Brett’s uncle Ryan owns and co-pilots the Stealth tunnel hull racing boat Secret Agent, with its modified 300hp outboard.


Their grandfather and father Ron started the family involvement in 1955 when power boat racing was just getting under way in New Zealand.


On Saturday, all three were in Oamaru for the 100km offshore race.


At the last event in Te Anau, Brett and Ryan in Secret Agent were leading the race, and their class in points, when they ran out of fuel.


The class points lead was taken over by 88AT, driven by Tim Fellows, with co-pilot Steve Freeborn, both of Otaki.


In the Oamaru race on Saturday they were swapping leads when the Otaki pair’s boat had an engine failure, leaving the Archers in overall lead and poised to take the class points lead.


But disaster struck a second time and the Archers ran out of fuel on the last lap, a combination of misjudging how long the race would take combined with a false start.


But they will be back, with enough South Island races left to win the class title.


Ryan said doing the whole North Island circuit was very expensive because of the extra requirements, although they did compete in some events.

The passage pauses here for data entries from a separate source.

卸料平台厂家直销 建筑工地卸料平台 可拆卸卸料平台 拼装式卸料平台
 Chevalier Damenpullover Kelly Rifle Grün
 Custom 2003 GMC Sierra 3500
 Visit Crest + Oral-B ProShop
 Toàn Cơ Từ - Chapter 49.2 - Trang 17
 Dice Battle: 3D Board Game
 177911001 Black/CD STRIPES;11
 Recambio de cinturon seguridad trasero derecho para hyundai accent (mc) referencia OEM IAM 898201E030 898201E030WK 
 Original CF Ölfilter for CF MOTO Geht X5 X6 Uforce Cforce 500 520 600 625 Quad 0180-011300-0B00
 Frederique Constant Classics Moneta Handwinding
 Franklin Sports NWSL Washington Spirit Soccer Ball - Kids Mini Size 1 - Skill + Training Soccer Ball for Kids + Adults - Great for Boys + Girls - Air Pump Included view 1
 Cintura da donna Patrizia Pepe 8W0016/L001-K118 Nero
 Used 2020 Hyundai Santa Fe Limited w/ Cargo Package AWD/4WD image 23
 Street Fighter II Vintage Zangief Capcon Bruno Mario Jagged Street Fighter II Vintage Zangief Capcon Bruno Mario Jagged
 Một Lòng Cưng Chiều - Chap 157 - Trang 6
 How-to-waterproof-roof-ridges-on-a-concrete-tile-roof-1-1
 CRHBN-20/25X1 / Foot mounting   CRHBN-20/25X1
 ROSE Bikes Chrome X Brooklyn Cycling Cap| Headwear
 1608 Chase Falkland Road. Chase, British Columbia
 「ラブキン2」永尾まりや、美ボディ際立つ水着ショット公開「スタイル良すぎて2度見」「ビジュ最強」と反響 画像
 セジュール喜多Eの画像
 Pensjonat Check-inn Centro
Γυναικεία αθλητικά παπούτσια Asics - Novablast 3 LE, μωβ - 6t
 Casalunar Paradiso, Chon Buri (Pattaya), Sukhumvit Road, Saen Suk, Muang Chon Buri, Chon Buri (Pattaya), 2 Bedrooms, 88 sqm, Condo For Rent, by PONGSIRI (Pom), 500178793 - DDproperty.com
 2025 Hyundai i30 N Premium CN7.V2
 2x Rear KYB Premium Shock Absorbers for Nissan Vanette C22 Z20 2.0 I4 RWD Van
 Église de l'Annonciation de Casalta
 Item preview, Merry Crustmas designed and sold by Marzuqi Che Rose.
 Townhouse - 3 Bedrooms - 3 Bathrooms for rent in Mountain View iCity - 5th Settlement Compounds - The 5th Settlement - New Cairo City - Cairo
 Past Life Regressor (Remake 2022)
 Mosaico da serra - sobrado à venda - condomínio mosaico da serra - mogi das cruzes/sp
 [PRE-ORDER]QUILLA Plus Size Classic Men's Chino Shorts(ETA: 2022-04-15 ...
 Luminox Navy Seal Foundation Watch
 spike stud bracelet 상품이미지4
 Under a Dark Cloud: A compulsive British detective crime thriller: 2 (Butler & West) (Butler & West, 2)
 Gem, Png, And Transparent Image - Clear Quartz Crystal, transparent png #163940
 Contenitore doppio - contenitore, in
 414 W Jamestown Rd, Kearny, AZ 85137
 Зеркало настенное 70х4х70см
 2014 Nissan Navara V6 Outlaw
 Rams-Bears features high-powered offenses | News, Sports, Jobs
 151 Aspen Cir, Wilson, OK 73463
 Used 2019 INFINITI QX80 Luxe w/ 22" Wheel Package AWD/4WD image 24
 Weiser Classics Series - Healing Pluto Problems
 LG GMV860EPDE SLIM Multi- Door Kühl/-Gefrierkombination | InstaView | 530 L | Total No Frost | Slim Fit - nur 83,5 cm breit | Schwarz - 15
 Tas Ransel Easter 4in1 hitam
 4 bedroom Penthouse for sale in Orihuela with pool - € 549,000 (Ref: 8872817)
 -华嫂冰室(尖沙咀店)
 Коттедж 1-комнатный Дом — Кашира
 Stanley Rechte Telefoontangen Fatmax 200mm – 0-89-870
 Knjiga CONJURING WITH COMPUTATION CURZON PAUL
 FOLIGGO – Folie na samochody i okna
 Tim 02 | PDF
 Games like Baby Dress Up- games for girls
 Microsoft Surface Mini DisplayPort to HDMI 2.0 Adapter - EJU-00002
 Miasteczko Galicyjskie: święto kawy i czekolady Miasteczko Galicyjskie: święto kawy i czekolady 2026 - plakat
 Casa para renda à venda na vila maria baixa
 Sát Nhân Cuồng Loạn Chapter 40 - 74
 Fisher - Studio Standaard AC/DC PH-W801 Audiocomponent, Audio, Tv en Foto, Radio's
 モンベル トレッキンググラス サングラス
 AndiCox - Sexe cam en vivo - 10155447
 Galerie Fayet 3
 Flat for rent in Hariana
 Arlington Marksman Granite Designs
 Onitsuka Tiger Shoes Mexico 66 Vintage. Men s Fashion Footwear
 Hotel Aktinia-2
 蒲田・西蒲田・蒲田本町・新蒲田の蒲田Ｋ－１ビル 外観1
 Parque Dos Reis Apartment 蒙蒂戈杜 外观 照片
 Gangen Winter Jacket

The Oamaru entry fee was $85, the North Island circuit requires an up-front fee of $1800, then there are the costs of driver’s licences, medical fees, extra fees to pay for helicopter and television coverage. Added to that is transport, accommodation and food.


In the end, even with air fares and accommodation, it works out cheaper to race in the South Island.


While it is Brett’s first season driving, Ryan has raced from the age of 13, with his father Ron.


Ron started off building a boat for water skiing, then got bitten by the racing bug in 1955.


He competed until the late 1980s and, even at 80, still takes a keen interest in the sport.


First home on Saturday was Mark Dingleman (driver), of Wellington, with co-pilot Nigel Smethurst, of Christchurch, in Sniper. They also won the A class.